Share Our Roads... |
A bit of history to begin this page would be in order I believe.
This page is for RVing rather than camping in its true form, so I will be saving a lot of space as I have been camping for sixty years now. From these years of experience I have become a 1%'er of a traveler. A lot of you will not adhere to our way of life, the fashion that we function as a pair of roadrunners, but then just mebbe a few might relate, at least in part.
Our first adventure in RVing, which it was not called back then, was in a modified '59 Ford station wagon. It was as rustic as a covered wagon, probably less comfortable but it got the job done. We used it primarily for fishing from different piers along the St. Lawrence River.
Some years later our daughter bought a 1972 VW Westfalia in Germany and we took off in it. This was a trip! Up on the Autobahn at 55 mph was absolutely leaving our destiny in the hands of other drivers who were passing us without even noticing us. We took that thing across the Swiss and Italian Alps, breezing up the switchbacks at a cool 10 mph. I remember in Munich there were fourteen Westies lined up in a campground, so tooling down the road at the speed of a little blue-haired old lady in a Buick was the accepted thing for us VW's.
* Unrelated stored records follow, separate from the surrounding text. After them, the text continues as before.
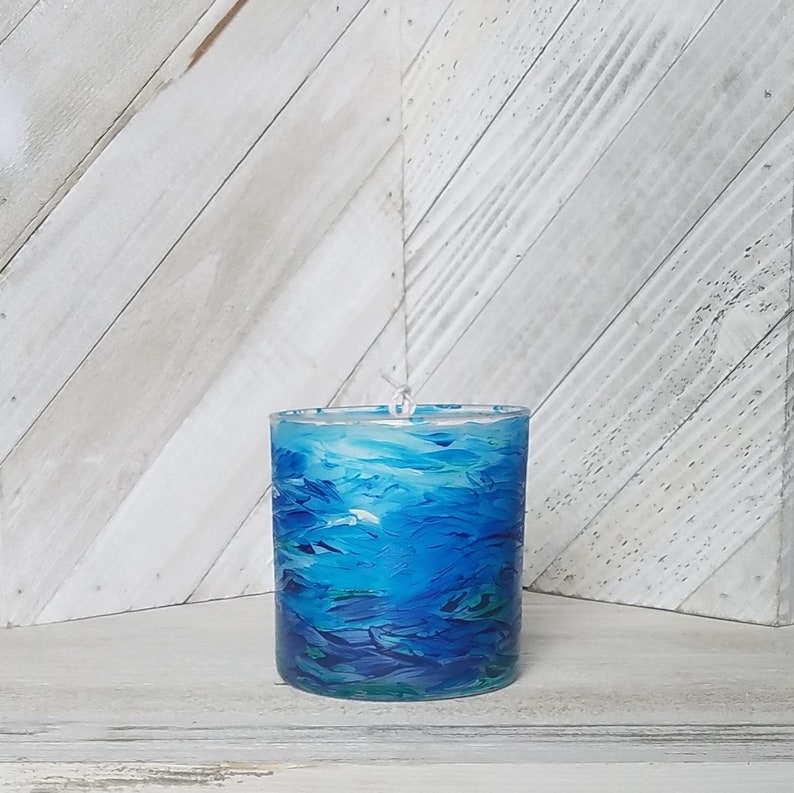 Ocean Breeze Candle Ocean Candle Homemade Candles Reusable Etsy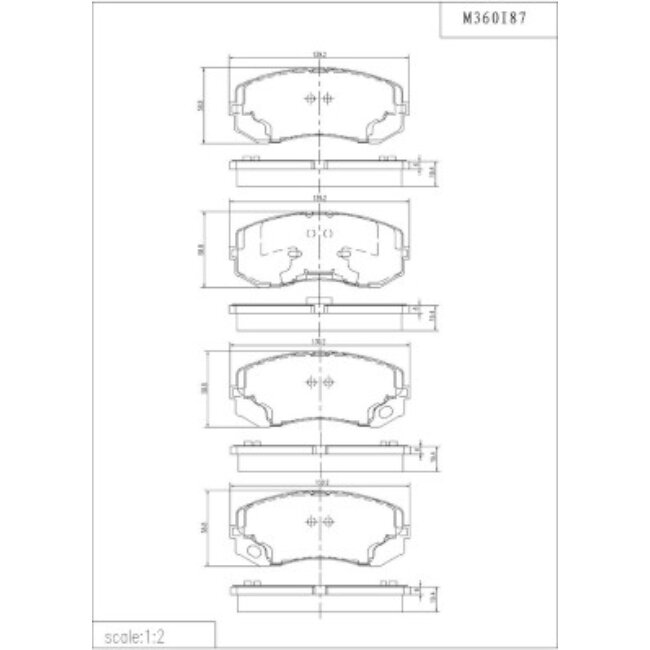 4 Plaquettes De Frein Nps M360i87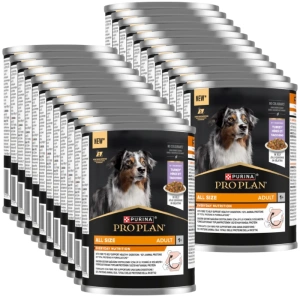 PRO PLAN Nourriture pour chien adulte Everyday Nutrition riche en dinde en gelée 24x400g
Back home we found a clean 1975 Westfalia, which "needed a bit of work", said the owner. If you want to empty your bank account, try purchasing one of those old air-suckers...they will uphold their reputation, believe me, they not only suck air they can suck your billfold. That was a class vehicule though, and we kept it seven years and sold it just as the bailiff was coming up the walk! It was named ''Murphy's Law''.
Then we went big time......sold all the duct tape we had acquired for the West, all the baling wire, the spare parts and bought a brand spanking new modified GMC Safari. This was heaven! I mean, it felt so good to put the key in the switch and not have to worry if it was going to fire up or not. We even had heat in there and no longer would school buses take us out in a drag at a streetlight. We took a trip across country to San Francisco. Forty-seven nights on the road, and it cost us fifty-one dollars in "sleeping fees". Never took a campground. Three years later we turned it in for a new one, much better equipped and a hundred thousand miles less on the odometer.